What this task involves: Filter the records down to the lines that hold the word "features", and copy each of those lines.
##### Stored data #####
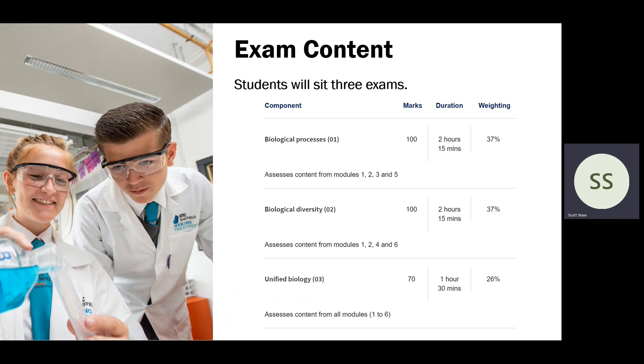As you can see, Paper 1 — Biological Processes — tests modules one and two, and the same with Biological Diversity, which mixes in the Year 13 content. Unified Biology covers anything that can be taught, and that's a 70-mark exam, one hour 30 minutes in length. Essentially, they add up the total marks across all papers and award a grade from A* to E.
#####
##### Stored data #####
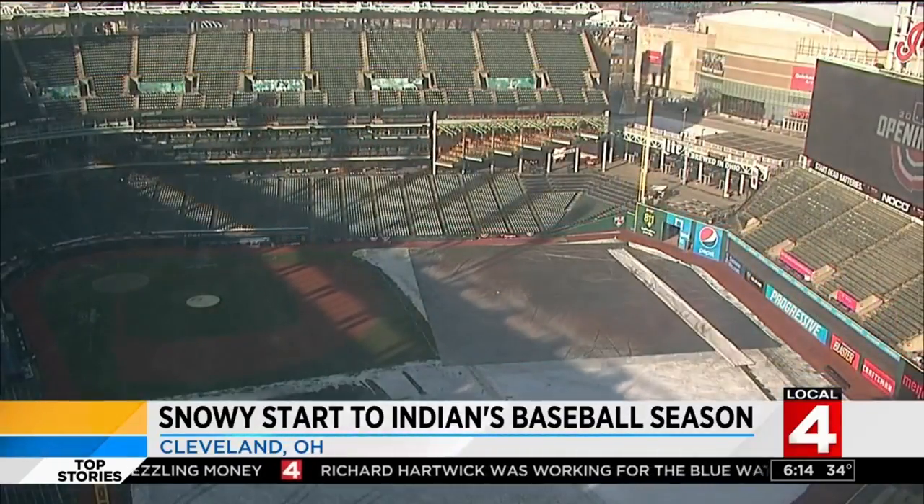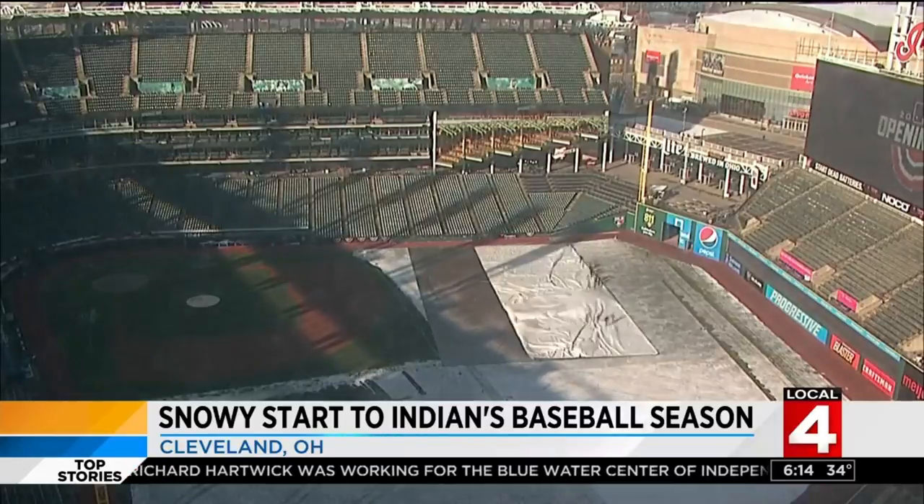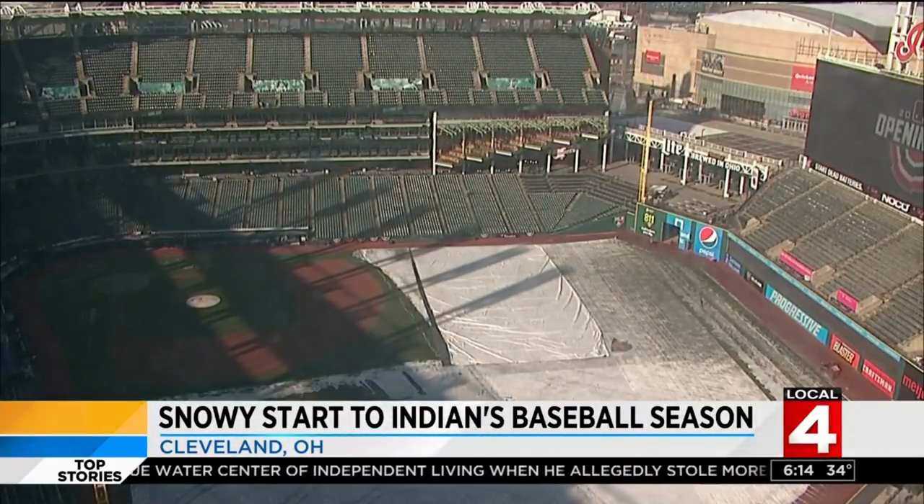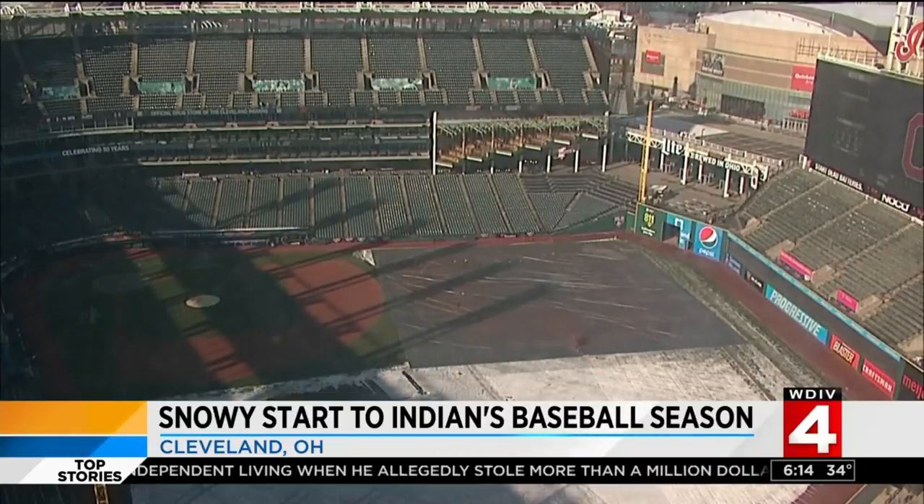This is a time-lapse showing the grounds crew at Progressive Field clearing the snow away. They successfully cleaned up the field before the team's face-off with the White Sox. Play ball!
#####
##### Stored data #####
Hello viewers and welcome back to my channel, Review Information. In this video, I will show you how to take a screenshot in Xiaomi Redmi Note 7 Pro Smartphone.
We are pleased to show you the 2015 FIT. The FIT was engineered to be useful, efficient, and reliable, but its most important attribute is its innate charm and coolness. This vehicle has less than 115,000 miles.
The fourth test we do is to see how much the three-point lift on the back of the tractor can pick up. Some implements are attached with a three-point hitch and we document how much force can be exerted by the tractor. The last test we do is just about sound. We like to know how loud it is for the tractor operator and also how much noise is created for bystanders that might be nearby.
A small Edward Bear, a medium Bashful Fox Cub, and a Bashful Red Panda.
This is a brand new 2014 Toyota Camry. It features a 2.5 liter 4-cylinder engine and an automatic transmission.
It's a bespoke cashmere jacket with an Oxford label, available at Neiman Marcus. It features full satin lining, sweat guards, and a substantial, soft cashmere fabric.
#####
Answer to the problem:
This is a brand new 2014 Toyota Camry. It features a 2.5 liter 4-cylinder engine and an automatic transmission.
It's a bespoke cashmere jacket with an Oxford label, available at Neiman Marcus. It features full satin lining, sweat guards, and a substantial, soft cashmere fabric.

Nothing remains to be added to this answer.